#### What is being asked
Excluding pictures, what does the listing below contain from the line with "I will introduce" up to and including the line with "Contact Technical Support", word for word?

#### Dataset
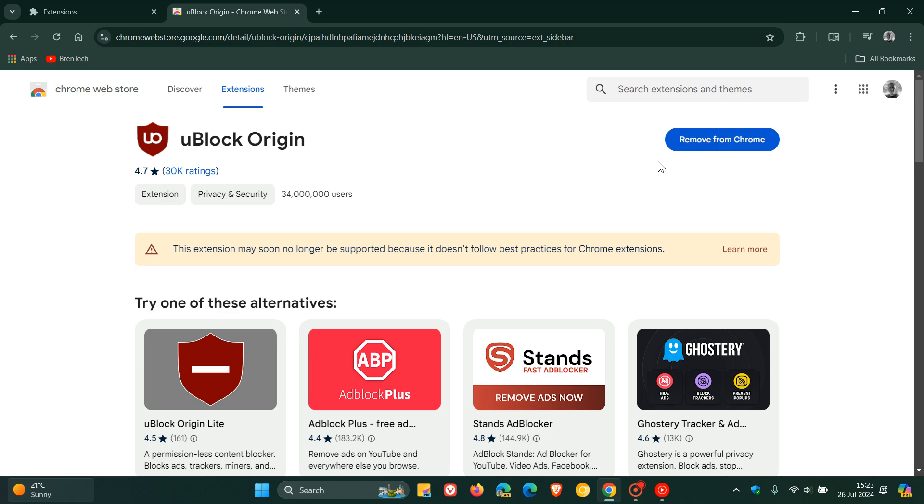You will see it will give you a message here. If we click on uBlock Origin, it says this extension may soon no longer be supported because it does not follow best practices for Chrome extensions. So this has been causing a lot of debate in certain circles.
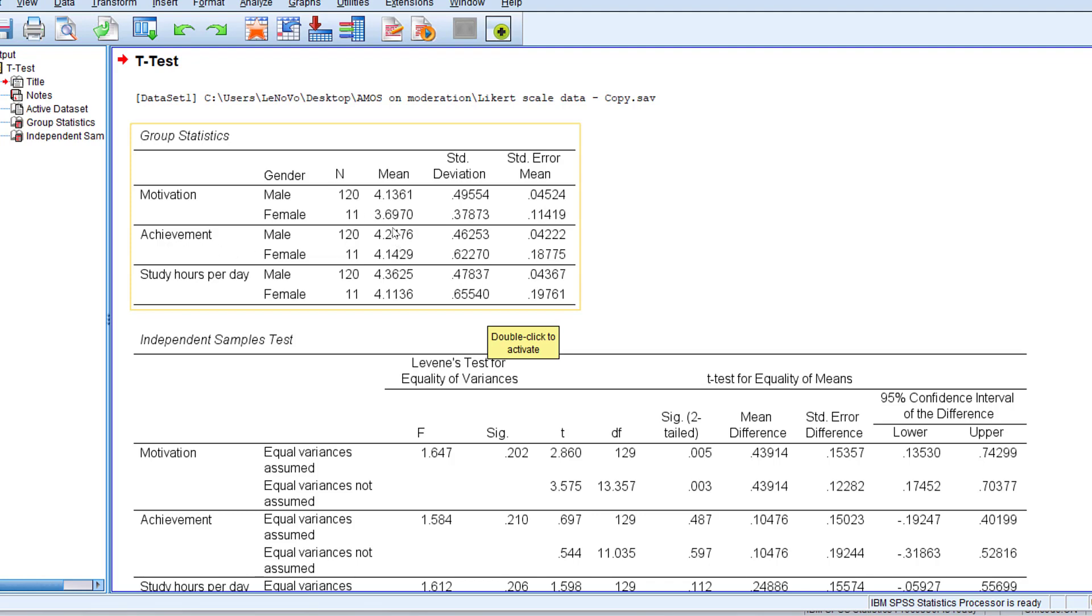For achievement it seems that males also achieve higher than females. And for study hours per day we have 4.36, again males have a higher mean score.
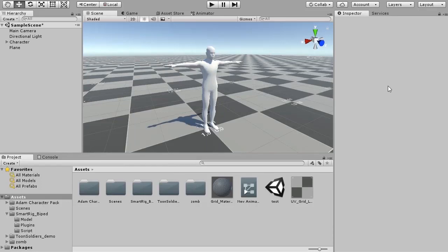I will introduce Smartrig. Smartrig is a Unity Asset script. By manipulating bones of Unity's character directly, automatically, you can express walking and running animation.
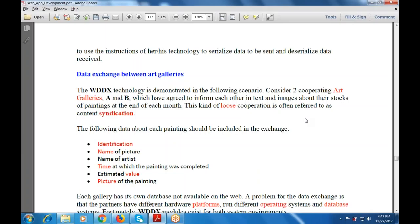The following data about each painting should be included in the exchange: identification, name of picture, name of artist, time at which the painting was completed, the estimated value, and a picture of the painting.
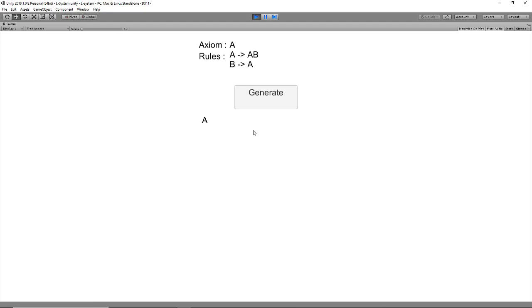A Lindenmayer system, or L-system, is a string replacement algorithm that has a starting point called the axiom and rules that determine which characters will be replaced by what strings. If you look here, we have the starting string A, our rules is that A becomes AB, and B becomes A.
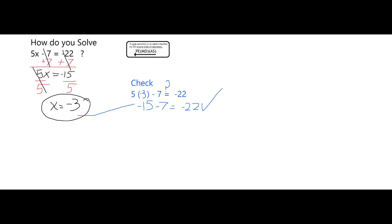I work backwards in the reverse order of my order of operations to get the x by itself. And I see that in this particular case, x equals negative 3. Hope this helps. Thank you.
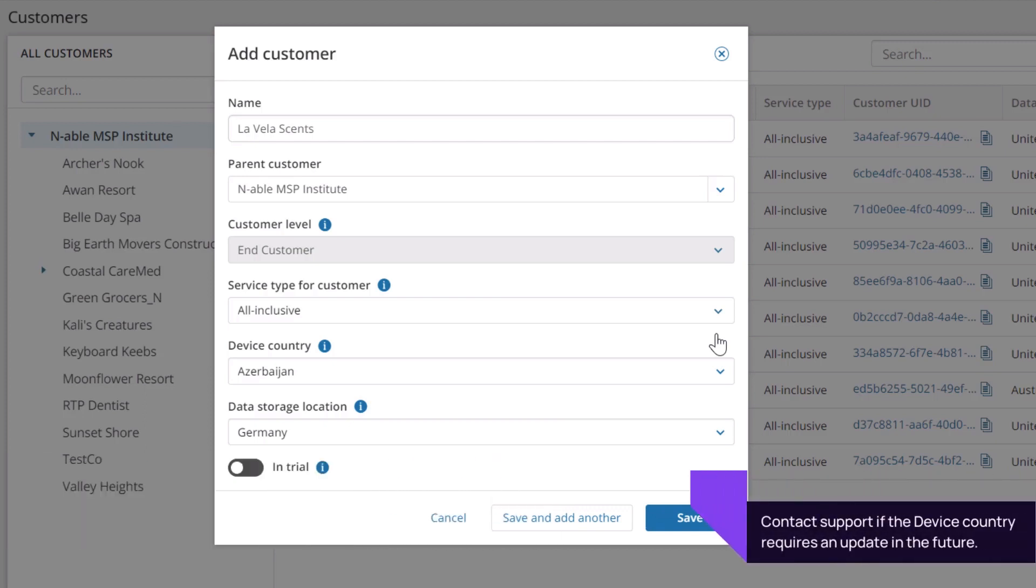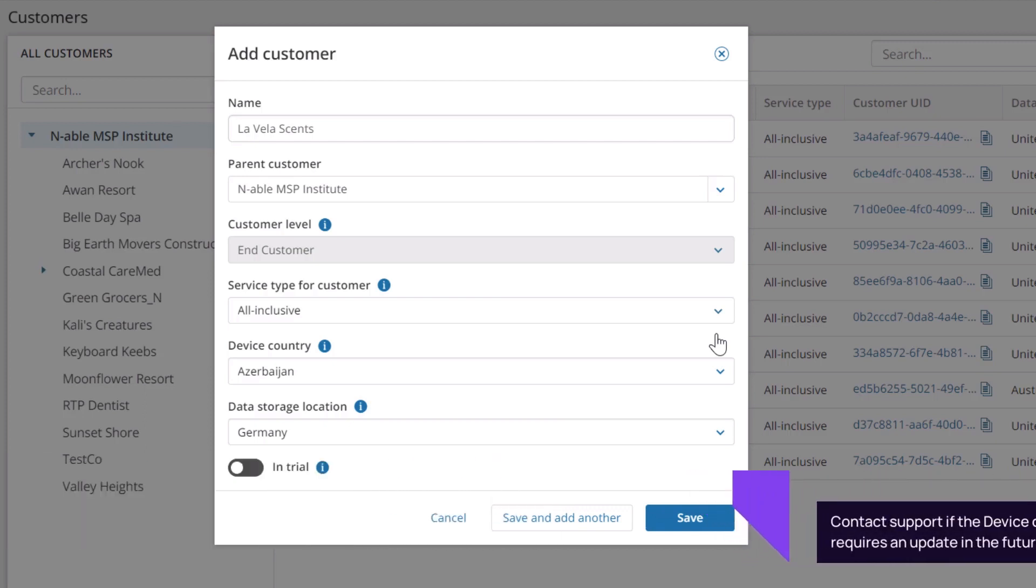Contact Technical Support if the Device Country requires an update in the future. Click Save.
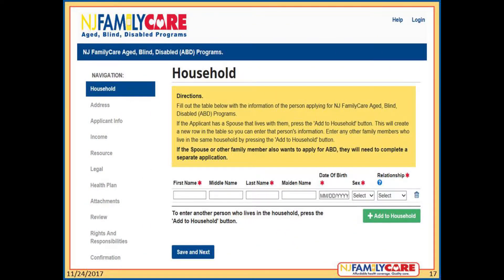First, enter household information. At the top of this page in yellow, it gives directions for how to complete this page. The person applying for ABD should enter their information on the first line. A spouse or any other family member living in the household should also be entered on this page by clicking Add to Household. Note that at this time, only one person can apply for ABD through this online application. If their spouse or another family member also wants to apply for ABD, they will need to complete a separate online application. Click Save and Next to go to the next page.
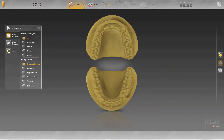Welcome to this tutorial on the InLab Software 15. In this video, you will learn about functions in the Implantology module, demonstrated on a 3-unit screw retained bridge.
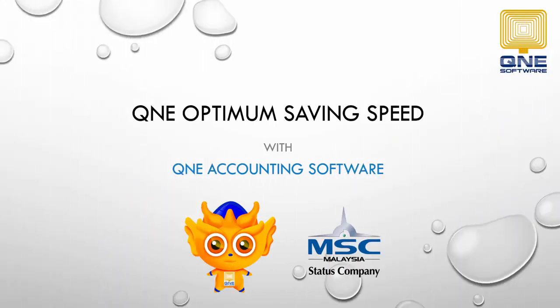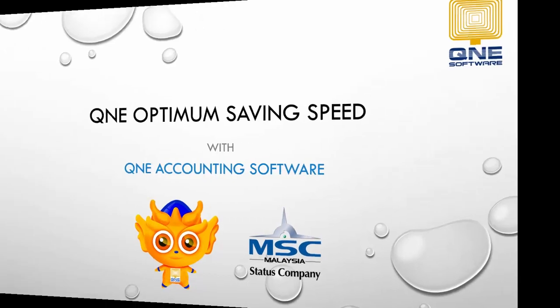Welcome to Q&E Software, the GST compliance accounting software for your company. In this video, I will demonstrate the saving speed of a sales invoice that contains more than 500 rows of items.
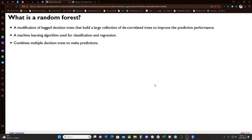Hello everyone, thank you for joining today's session. I'm going to present random forest. The first thing we need to ask is: what is a random forest? Basically, a random forest is a modification of bagging decision trees that builds a large collection of decorrelated trees to improve predictive performance. It combines multiple decision trees and is used for classification and regression.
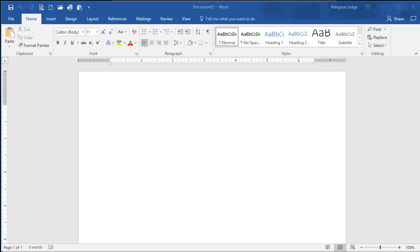Webucator Public Microsoft Word classes are taught in the 2016 version of Word, the latest available from Microsoft. You can attend class using earlier versions, 2010 or 2013, and you will be able to follow along with no problem.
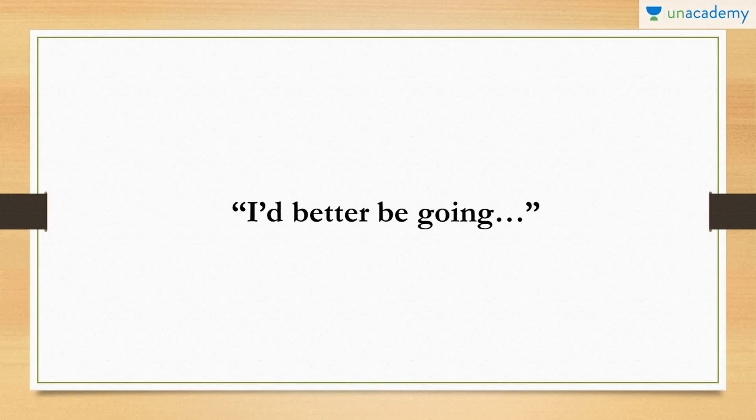Followed by a simple phrase like it's too late or I have tons to do, I have lots to do, you can indicate you would like to walk off and finish the conversation. So you can say, oh god, it's too late, I'd better be going. Or you can say, I have tons to do before midnight, I'd better be going.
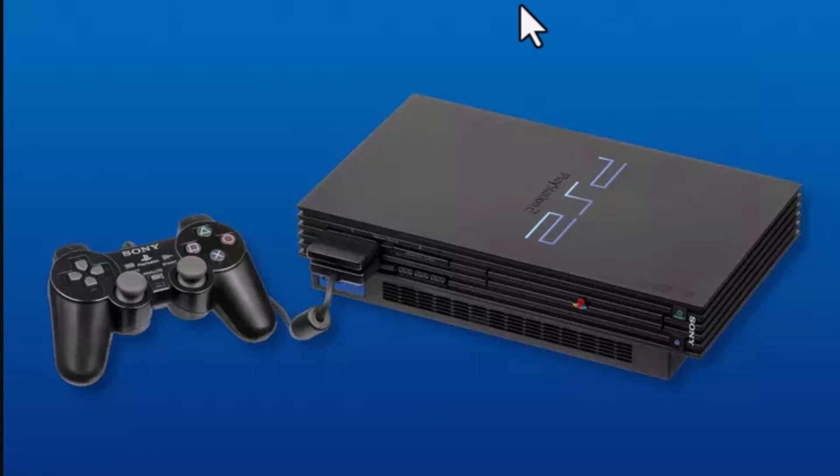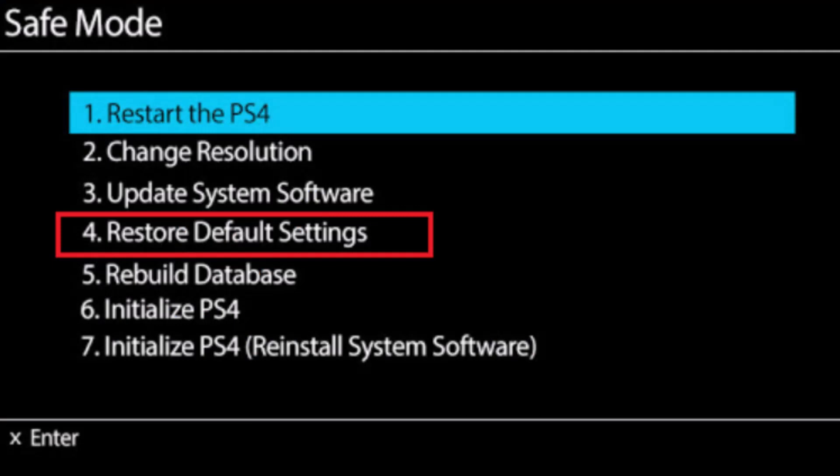CE347880. So in order to fix the error code on PS4, all you need to do is make sure that the device is connected to an internet service. There might be various different reasons why the issue occurred, so along with that there are also multiple different ways to fix it.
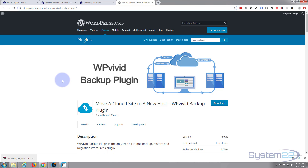I'll be doing another video on creating automated backups, but I think that'll do it for this one. Well done to the team over at WP Vivid — I'm very impressed with your plugin. I hope that's been useful to you. Once again, this has been Jamie from System22 and webdesignandtechtips.com — thanks for watching and have a great day.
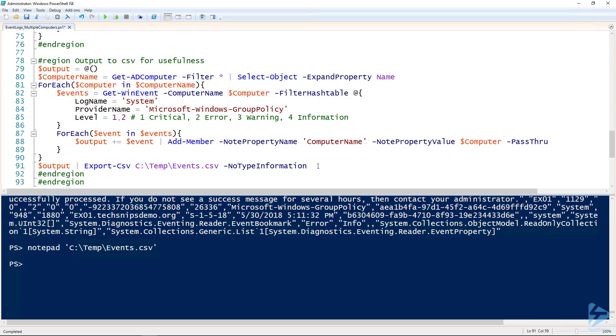So anyway, that's how you pull events from the event logs from multiple computers or servers using PowerShell.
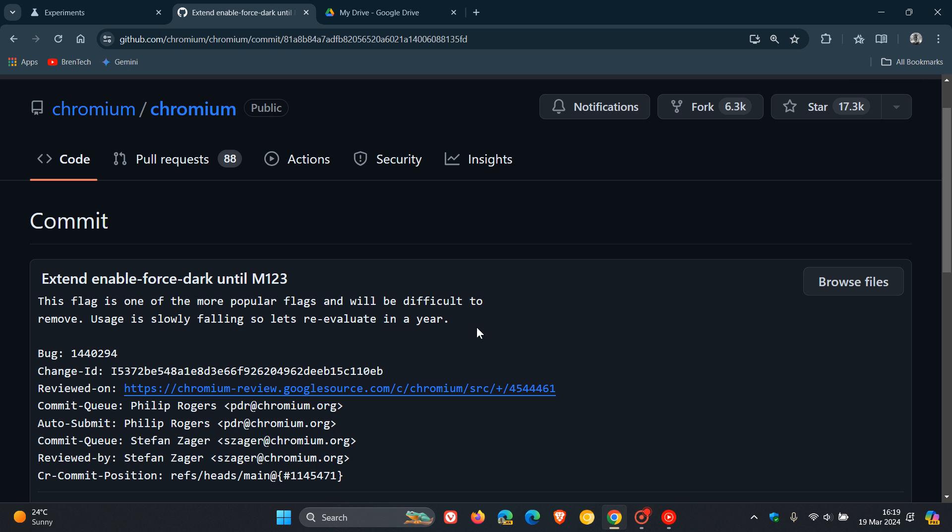Usage is slowly falling, so let's re-evaluate in a year. Now, the reason that usage is slowly falling, according to Google, they don't give us an exact actual reason. But I would suggest that that's because, as mentioned, more sites now have a native dark mode option available.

#### Completed task
I will introduce Smartrig. Smartrig is a Unity Asset script. By manipulating bones of Unity's character directly, automatically, you can express walking and running animation.
The following data about each painting should be included in the exchange: identification, name of picture, name of artist, time at which the painting was completed, the estimated value, and a picture of the painting.
A Lindenmayer system, or L-system, is a string replacement algorithm that has a starting point called the axiom and rules that determine which characters will be replaced by what strings. If you look here, we have the starting string A, our rules is that A becomes AB, and B becomes A.
I work backwards in the reverse order of my order of operations to get the x by itself. And I see that in this particular case, x equals negative 3. Hope this helps. Thank you.
Contact Technical Support if the Device Country requires an update in the future. Click Save.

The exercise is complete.